In this paper, the directed acyclic graph scheme is employed to combine several SVM for solving the multi-class classification problem. Figure 11 presents the structure of the directed acyclic graph support vector machines (DAGSVM) for the four actions classification. It looks like a tree-structure and each node in this tree-structure corresponds to a simple binary SVM. The decision process just follows the structure based on a sequence of two-class operation, proceeding from the root node to the leaf node. A final decision is made when a bottom node is reached.
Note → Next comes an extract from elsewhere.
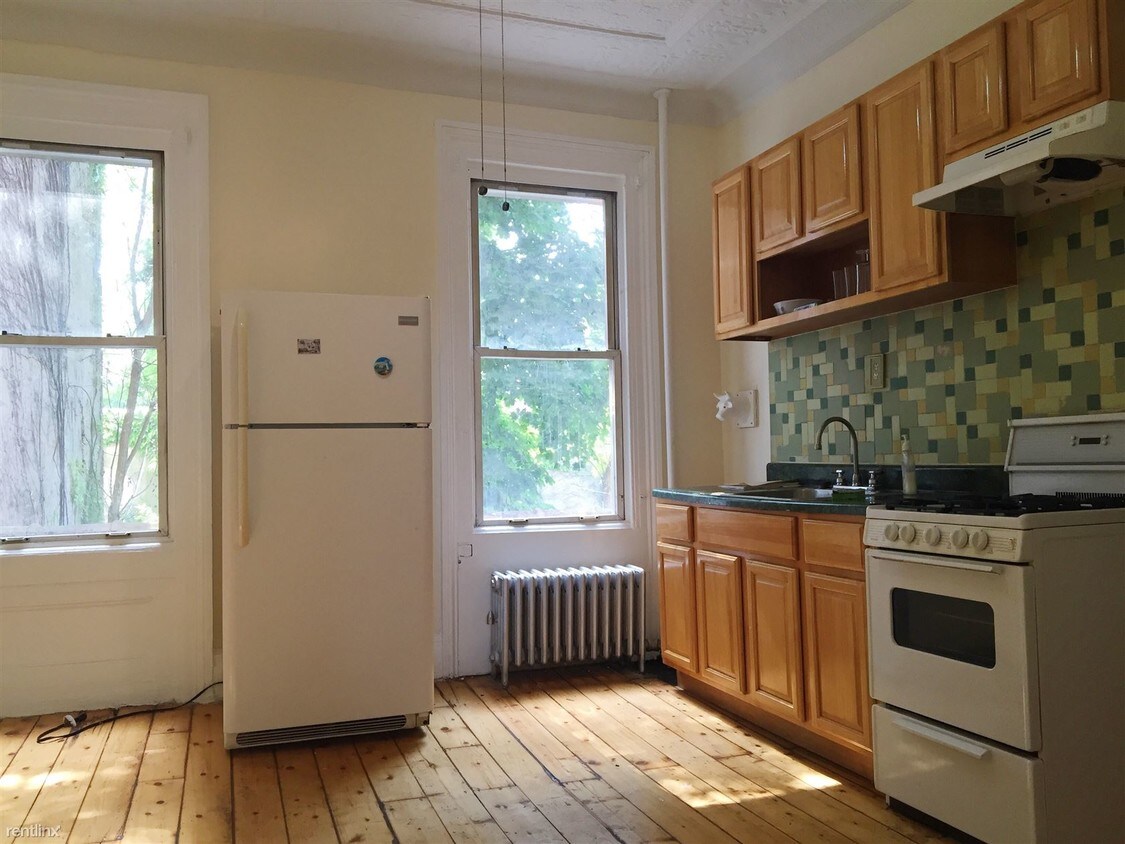Primary Photo - 683 Lorimer St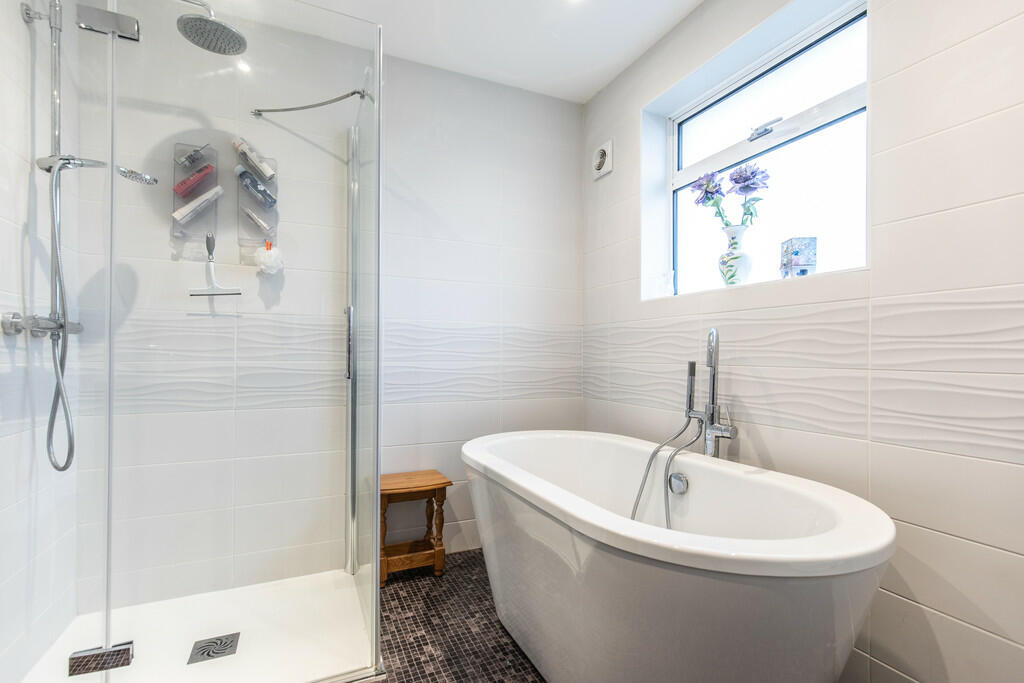 Additional image 13 of Woodland Drive, Hove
The adapted DAGSVM scheme has been proved to have a theoretically defined generalization error bound and to be more efficient than other multi-class SVM schemes on the training and computing time [31].

Fig. 11
figure 11

Classification structure of DAGSVM

3.4.4 Computational complexity

In our proposed method based on slow feature analysis, most of the computation costs mainly focus on the two large covariance matrices A and B for solving the generalized eigenvalue problem from (21), i.e., AW = BWΛ. The expanded nonlinear function space H on which SFA is performed is chosen here to be the set of all monomials of degree one and two including mixed terms, as discussed at length in Section 3.3. A run with SFA requires the computation of two large covariance matrices, the elements of which are in the order of O(K2), where K is the dimension of the expanded function space. In the quadratic expansion function space K is determined by K = I + I(I + 1)/2, where I is the dimension of the input signal. In the case of polynomials of degree two, this corresponds to some elements in the order of O(I4). Obviously, this is computationally expensive. Considering the real-time efficiency, we conduct a standard preprocessing step using principal component analysis (PCA) to reduce the dimensionality of the input signals I for slow feature analysis. In our experiment, the dimensionality of the input features I is reduced from 1× 6 ×3 = 18 to I= 3, capturing 98.30% of the total variance as shown in Fig. 8.

4 Experiments

In this section, we show the performance of our fall detection system. All the experiments are carried out on a desktop with Intel (R) Core (TM) i7-6700 CPU and 4.00 GB RAM. We evaluate the proposed method on two public fall detection datasets. Some detailed information about these two datasets is given below.

4.1 Datasets

The dataset-I is from multiple-camera fall dataset [4]. This video dataset contains simulated falls and normal daily activities recorded in 24 realistic situations. In each scenario, an actor plays many activities such as falling, crouching, sitting on a sofa, walking, and so on. Every scene is shot simultaneously with eight different cameras mounted around the room where the fall incident happens. All of the actions are performed by the same person with different color garments. In our tests, videos from various camera views are mixed and treated equally. Figure 12 illustrates some key video frames from this dataset. Detailed information of dataset-I is given in Table 1.

Fig. 12
figure 12

Four categories of dataset-I. From top to bottom: walk, crouch, fall, and sit

Table 1 Different activities depicted in dataset-I

The dataset-II is the SDUFall dataset [24]. This dataset comprises various types of samples including RGB videos, depth videos, and 20 skeleton joint positions. There are 20 young men and women in the shooting of the data collection. Each man and woman performs the actions 10 times, including falling, bending, squatting, sitting, lying and walking. Since it is hard to capture real falls, the subjects fall intentionally. It is worth noting that there is a significant proportion of confusing activities, such as falling and lying. For capturing the actions in different conditions, the videos are recorded with the following scenarios: carrying or not carrying an object, changing room layout, changing direction and position relative to the camera. In our experiments, we use only the RGB videos. A total of 1200 RGB videos are collected. Some key video frames from dataset-II are shown in Fig. 13. Detailed information about dataset-II is given in Table 2.

Fig. 13
figure 13

Six categories of dataset-II. From top to bottom: bend, fall, lie, sit, squat, and walk

Table 2 Different activities depicted in dataset-II

4.2 Experimental setup

Generally, we should choose samples to train the classifier. Therefore, the datasets are split into two parts. The first part contains eighty percent of the samples (448 from dataset-I and 960 from dataset-II ). These are used for training, and the others for testing (112 from dataset-I and 240 from dataset-II). The commonly used cross-validation technique (PRtools – a popular software package for pattern recognition [11]) is applied to tune the parameters of the classification system.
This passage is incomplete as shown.